June 12 – 14, 2012
Established in 1872, Yellowstone National Park is America’s first national park spanning across parts of Wyoming, Montana and Idaho, it is home to a large variety of wildlife including grizzly bears, wolves, bison, and elk, and it has some of the world’s most extraordinary geysers and hot springs.
Yellowstone is one of the most popular national parks in the United States. Since the mid-1960s, at least 2 million tourists have visited the park almost every year. In 2010, 975,000, a record number of visitors came to the park in July. Native Americans have lived in the Yellowstone region for at least 11,000 years. The region was bypassed during the Lewis and Clark Expedition in the early 19th century and wasn’t explored extensively until the late 1860s. Hundreds of species of mammals, birds, fish and reptiles live in the park, including several that are either endangered or threatened. The vast forests and grasslands also include unique species of plants. Yellowstone Park is home to some of the largest collections of Grizzly Bears, wolves, and free-ranging herds of bison and elk.
Old Faithful is one of the most popular tourist attractions in the park. Old Faithful is a cone geyser that erupts pretty regularly, about every 91 minutes, and can be mathematically predicted. Eruptions can shoot anywhere from 3700 to 8400 gallons of boiling hot water up to a height of 185 feet in the air. More than 137,000 eruptions have been recorded since Old Faithful was discovered in September 1870.
Old Faithful Inn
The Old Faithful Inn is an historic hotel located in Yellowstone National Park, with a clear view of the renowned Old Faithful Geyser. One of very few log hotels still standing in the US, construction of the lodgepole pine inn was completed in 1904, and it is considered today to be the largest log building in the world. With its spectacular log and limb lobby and massive (500-ton, 85-foot) stone fireplace, the inn is a prime example of the “Golden Age” of rustic resort architecture. When it first opened in 1904, it boasted electric lights and steam heat. Designed by architect Robert Reamer for the Great Northern Railway, the inn has been expanded and modified several times. In 1913 the East Wing was added, and in 1922 the dining room was enlarged. Later in 1928, the West Wing was built. The interior contains four stories of balconies, but only the bottom two are open to the public.

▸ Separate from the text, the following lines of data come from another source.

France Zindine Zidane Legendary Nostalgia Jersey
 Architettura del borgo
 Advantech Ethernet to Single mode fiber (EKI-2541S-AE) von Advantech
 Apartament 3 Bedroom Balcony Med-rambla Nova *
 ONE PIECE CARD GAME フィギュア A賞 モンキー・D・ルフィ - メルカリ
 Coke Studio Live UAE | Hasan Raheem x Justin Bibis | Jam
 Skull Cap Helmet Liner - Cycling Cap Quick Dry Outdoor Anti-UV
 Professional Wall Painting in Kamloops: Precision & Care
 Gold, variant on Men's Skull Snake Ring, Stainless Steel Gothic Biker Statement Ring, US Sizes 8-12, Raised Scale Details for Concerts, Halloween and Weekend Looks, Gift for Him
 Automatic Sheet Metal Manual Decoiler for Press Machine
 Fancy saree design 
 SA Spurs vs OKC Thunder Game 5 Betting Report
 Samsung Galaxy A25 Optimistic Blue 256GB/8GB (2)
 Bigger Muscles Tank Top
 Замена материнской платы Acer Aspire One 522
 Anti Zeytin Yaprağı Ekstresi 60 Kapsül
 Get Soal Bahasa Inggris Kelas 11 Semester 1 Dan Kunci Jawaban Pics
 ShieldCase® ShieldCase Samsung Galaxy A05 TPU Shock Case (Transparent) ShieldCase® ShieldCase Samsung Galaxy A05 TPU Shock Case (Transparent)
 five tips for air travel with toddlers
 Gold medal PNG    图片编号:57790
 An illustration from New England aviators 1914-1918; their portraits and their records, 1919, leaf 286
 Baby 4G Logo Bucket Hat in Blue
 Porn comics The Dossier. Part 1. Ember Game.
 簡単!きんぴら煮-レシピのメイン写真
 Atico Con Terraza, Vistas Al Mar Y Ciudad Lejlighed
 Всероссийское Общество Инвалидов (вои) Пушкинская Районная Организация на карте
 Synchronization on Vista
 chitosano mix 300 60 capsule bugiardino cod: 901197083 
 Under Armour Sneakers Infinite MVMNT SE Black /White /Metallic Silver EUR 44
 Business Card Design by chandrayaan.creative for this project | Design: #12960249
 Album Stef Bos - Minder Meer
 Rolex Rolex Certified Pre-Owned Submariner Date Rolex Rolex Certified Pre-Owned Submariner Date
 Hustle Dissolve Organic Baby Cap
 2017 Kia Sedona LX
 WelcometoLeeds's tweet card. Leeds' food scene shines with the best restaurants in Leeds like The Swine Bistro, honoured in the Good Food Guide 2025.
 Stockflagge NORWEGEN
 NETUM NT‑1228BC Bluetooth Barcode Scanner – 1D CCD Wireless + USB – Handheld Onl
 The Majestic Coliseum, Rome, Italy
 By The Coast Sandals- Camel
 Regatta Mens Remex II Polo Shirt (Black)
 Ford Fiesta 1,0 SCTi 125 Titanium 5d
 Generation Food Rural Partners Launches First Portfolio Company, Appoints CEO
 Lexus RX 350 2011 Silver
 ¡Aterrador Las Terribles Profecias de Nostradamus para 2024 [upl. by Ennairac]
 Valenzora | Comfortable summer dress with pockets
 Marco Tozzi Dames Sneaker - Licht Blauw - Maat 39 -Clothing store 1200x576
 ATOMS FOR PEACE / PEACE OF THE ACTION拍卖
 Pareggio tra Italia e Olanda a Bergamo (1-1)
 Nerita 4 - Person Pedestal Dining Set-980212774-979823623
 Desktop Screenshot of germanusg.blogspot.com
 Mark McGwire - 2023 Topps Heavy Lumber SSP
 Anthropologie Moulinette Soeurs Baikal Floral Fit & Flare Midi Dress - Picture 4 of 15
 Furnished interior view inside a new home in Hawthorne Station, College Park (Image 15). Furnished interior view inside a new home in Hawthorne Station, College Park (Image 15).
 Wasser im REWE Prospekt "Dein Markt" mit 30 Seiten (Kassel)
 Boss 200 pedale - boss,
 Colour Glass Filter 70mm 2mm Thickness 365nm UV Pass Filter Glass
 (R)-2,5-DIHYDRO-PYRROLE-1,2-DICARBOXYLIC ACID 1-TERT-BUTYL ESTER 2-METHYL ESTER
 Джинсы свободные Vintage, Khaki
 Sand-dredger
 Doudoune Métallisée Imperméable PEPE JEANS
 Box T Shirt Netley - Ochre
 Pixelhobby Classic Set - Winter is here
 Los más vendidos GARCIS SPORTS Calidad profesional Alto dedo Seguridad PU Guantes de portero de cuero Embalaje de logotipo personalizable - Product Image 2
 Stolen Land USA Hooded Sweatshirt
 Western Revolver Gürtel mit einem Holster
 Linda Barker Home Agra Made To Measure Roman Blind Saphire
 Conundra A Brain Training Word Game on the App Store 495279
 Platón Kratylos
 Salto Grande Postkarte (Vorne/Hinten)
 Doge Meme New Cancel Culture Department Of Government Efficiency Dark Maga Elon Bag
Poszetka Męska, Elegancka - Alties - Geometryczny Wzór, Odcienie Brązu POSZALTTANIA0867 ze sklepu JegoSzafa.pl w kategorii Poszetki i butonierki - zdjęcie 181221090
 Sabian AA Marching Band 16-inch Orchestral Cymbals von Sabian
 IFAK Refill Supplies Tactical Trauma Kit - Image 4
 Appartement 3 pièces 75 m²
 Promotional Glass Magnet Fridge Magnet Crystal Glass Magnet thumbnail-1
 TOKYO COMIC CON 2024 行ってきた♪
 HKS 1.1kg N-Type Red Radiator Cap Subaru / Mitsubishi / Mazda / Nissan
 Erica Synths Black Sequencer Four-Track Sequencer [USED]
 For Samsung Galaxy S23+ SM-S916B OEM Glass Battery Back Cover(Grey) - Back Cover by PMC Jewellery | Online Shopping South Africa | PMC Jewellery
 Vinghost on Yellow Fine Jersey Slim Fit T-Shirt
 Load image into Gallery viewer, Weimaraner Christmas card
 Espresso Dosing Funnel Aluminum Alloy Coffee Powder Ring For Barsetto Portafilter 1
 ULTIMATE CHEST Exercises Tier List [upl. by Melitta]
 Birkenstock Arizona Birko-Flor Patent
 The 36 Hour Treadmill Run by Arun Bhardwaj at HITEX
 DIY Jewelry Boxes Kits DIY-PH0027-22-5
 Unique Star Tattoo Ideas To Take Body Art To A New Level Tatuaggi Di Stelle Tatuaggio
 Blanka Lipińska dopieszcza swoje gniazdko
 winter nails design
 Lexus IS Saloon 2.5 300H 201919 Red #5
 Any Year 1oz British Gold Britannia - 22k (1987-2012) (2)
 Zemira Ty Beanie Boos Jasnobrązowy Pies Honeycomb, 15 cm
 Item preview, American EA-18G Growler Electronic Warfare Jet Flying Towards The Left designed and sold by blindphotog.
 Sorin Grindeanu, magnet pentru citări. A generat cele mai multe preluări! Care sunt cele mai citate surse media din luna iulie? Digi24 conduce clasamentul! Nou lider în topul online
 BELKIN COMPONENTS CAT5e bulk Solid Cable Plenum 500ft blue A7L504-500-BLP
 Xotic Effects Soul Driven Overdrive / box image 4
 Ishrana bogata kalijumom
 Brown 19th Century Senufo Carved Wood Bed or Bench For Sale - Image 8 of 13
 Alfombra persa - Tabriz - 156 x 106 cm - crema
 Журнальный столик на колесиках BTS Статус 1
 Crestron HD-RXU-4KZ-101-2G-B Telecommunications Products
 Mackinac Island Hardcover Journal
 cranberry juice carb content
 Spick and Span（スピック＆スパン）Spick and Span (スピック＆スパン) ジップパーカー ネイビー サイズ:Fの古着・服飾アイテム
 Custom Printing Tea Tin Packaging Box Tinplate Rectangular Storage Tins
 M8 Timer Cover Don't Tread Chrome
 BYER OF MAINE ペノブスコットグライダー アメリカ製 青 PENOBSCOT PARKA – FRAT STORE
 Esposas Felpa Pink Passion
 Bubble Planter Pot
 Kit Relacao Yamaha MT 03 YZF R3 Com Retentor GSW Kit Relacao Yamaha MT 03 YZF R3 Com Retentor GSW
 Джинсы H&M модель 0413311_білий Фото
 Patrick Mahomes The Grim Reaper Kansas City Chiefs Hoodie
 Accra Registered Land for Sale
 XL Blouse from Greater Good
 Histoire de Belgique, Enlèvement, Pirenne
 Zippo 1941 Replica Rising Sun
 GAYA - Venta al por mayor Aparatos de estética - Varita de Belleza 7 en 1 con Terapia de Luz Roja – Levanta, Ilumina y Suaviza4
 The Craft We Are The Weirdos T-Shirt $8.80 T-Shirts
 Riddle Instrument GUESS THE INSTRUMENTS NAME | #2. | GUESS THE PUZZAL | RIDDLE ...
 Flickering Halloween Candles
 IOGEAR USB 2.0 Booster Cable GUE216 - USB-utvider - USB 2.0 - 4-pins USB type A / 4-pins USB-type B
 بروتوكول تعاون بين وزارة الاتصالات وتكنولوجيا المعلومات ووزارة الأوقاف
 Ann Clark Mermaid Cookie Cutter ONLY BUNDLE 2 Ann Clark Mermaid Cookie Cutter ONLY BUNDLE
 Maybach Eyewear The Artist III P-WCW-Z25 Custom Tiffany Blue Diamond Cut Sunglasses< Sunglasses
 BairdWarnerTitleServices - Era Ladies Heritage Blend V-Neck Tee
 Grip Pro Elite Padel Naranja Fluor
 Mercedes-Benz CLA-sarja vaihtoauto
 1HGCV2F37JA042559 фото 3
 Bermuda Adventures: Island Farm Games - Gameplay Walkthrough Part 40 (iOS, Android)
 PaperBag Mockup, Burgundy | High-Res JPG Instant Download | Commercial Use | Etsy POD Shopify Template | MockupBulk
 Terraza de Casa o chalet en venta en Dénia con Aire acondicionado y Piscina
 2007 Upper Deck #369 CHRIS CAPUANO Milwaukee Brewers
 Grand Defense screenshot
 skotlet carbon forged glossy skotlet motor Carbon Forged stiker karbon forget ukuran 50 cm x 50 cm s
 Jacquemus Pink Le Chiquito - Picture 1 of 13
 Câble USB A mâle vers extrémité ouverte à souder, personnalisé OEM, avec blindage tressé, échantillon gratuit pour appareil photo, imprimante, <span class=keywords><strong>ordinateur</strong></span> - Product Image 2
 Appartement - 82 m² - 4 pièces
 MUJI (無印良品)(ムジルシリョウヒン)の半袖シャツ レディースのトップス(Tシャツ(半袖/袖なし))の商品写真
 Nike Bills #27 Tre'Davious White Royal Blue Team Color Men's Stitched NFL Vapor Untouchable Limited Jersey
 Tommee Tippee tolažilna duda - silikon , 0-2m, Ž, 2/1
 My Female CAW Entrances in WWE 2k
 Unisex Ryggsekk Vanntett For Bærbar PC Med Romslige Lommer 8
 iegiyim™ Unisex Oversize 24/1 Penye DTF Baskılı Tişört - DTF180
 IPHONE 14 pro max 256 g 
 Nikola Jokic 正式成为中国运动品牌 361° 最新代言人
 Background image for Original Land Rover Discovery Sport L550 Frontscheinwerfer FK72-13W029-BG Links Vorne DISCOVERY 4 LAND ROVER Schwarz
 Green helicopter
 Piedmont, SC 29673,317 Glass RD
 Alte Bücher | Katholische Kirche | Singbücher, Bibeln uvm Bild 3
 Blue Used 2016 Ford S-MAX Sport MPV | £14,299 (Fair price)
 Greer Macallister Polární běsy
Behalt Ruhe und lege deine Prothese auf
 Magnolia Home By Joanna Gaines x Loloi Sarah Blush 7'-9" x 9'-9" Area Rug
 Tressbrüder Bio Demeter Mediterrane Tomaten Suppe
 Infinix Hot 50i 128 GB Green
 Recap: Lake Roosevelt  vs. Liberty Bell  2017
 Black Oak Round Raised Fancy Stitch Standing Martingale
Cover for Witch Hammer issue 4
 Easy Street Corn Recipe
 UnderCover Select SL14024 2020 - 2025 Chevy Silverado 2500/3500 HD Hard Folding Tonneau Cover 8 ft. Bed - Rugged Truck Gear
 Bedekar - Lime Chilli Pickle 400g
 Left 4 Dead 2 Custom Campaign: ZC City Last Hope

Yellowstone Lake is the largest body of water in Yellowstone National Park and covers 136 square miles. The average depth of the lake is 139 feet with its deepest spot at 390 feet. The lake freezes over by early December and can remain frozen until late May or early June. Nearly 3 feet of ice can cover much of the lake.
Mammoth Hot Springs
Another of Yellowstone’s most popular spots is the Mammoth Hot Springs complex, the largest known carbonate-depositing spring in the world. The hot springs were created over thousands of years as hot water from the spring cooled and deposited calcium carbonate over the landscape. The hot water that feeds Mammoth comes from the Norris Geyser Basin after traveling underground via a fault line. The most famous feature at the springs is the Minerva Terrace, a series of travertine terraces. The terraces have been deposited by the spring over many years but, due to recent minor earthquake activity, the spring vent has shifted, rendering the terraces dry. The Mammoth Hotel, as well as all of Fort Yellowstone, is built upon an old terrace formation known as Hotel Terrace.